Below Nòdrs, near a swamp called Keikudr, there is a small stream which at the present time Todas will not cross at a certain spot, and Teikirzi stood in this stream. According to one account she beat the water with a wand, saying “Ir padri ma” (“May buffaloes spring”), and buffaloes sprang out of the stream; but it seemed to be more generally accepted that she only divided the buffaloes on this spot by touching each animal on the back with a wand and saying the name of the clan to which it was to belong. The first portion went to Nòdrs, the second to Kuudr, the third to Kars, and the fourth to Taradr. Up to this point she used a wand of kid wood (kidkurs). For the next clan, that of Keadr, the kidkurs was put away and she used a wand of tavat wood, and several other kinds of wand were used. Teikirzi was also said to have ordained at the same time that wursulir should be milked by Teivaliol and to have settled the general regulations concerning the different kinds of buffalo.
(iii) Püliol pâkht kwadrt vai, “Who divided and gave püliol.”
Teikirzi is said to have ordained that certain people should be the püliol of a man, and that püliol should not marry one another (see Chap. XXI).
(iv) Ir patz id vai, “Buffalo catch who said.” Teikirzi ordained that buffaloes should be caught at the funeral ceremonies (see Chap. XV).
(v) Kwarzam pep ostht ad vai, “Who told the kwarzam and gave pep.”
Teikirzi gave to each village its kwarzam, or sacred name, and settled the method of making new pep.
The name of Teikirzi occurs frequently in other legends. One story not mentioned elsewhere is the following:—
When Teikirzi was living at Nòdrs the people of Mysore came to fight her, but as they approached, the woods made a great noise.

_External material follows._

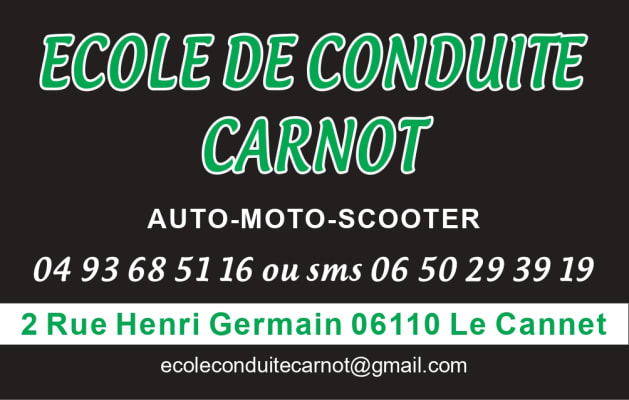École de conduite Carnot - Le Cannet - 2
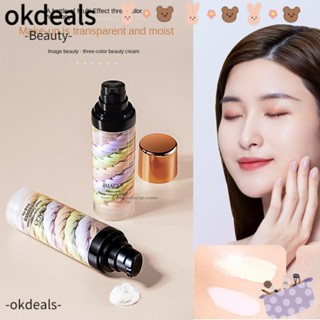 OKDEALS ครีมคอนซีลเลอร์ ควบคุมความมัน กันน้ํา ติดทนนาน ใช้ง่าย สามสี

When the Mysore people heard the noise they stopped, and then Teikirzi cursed them and said, “Let them become stones,” and they were turned into stones, which are still to be seen below Nòdrs.
TEIPAKH, OR TIRSHTI
I know very little about the life-history of this deity, but he is very widely mentioned in the prayers and incantations of the Todas, and is one of their most important gods. He was the brother of Teikirzi, and differs from most other Toda deities in being a river god, Teipakh being the Toda name of the Paikara river.
Teipakh is the nòdrodchi of the Piedr and Kusharf clans.
Although there was considerable agreement that Teipakh and Tirshti were one and the same god, there was some doubt about it, and, according to one account, Tirshti was only another name for Teikirzi.
ANTO
I am very doubtful about the name and identity of this god. There seemed to be little doubt that he had the same name as the chief dairy of the Nòdrs ti and was the chief deity connected with this dairy. According to one account he was the son of Ön, but it is possible that the two deities were identical, Anto being Önteu. His name was sometimes pronounced Anteu or perhaps more correctly Änto or Änteu.
I have only a few incidents from the life of Anto. He once rolled a huge stone with the hair of his head from Nelkòdr in the Wainad to the top of a hill called Katthvai near the dairy of Anto. The god now lives near this dairy, resting his head on a spot called Ködrs, and stretching his legs on a spot called Tudrs. These places are about two furlongs apart so that Anto is evidently a god of a large size.
Anto is said to have made buffaloes, and the buffalo which founded the ti mad of Makars (see p. 116) was one of his creation. The fact that Anto created buffaloes increases the probability of his identity with Ön, but this is far from conclusive for there were undoubtedly several independent creations of these animals.
KULINKARS
This deity is the nòdrodchi of the Kars clan. His original name appears to have been Kulin, and this was changed to Kulinkars. He is also called Teikhars. He inhabits a hill near Makurti Peak, which is so steep and rocky that “no man has ever climbed it.”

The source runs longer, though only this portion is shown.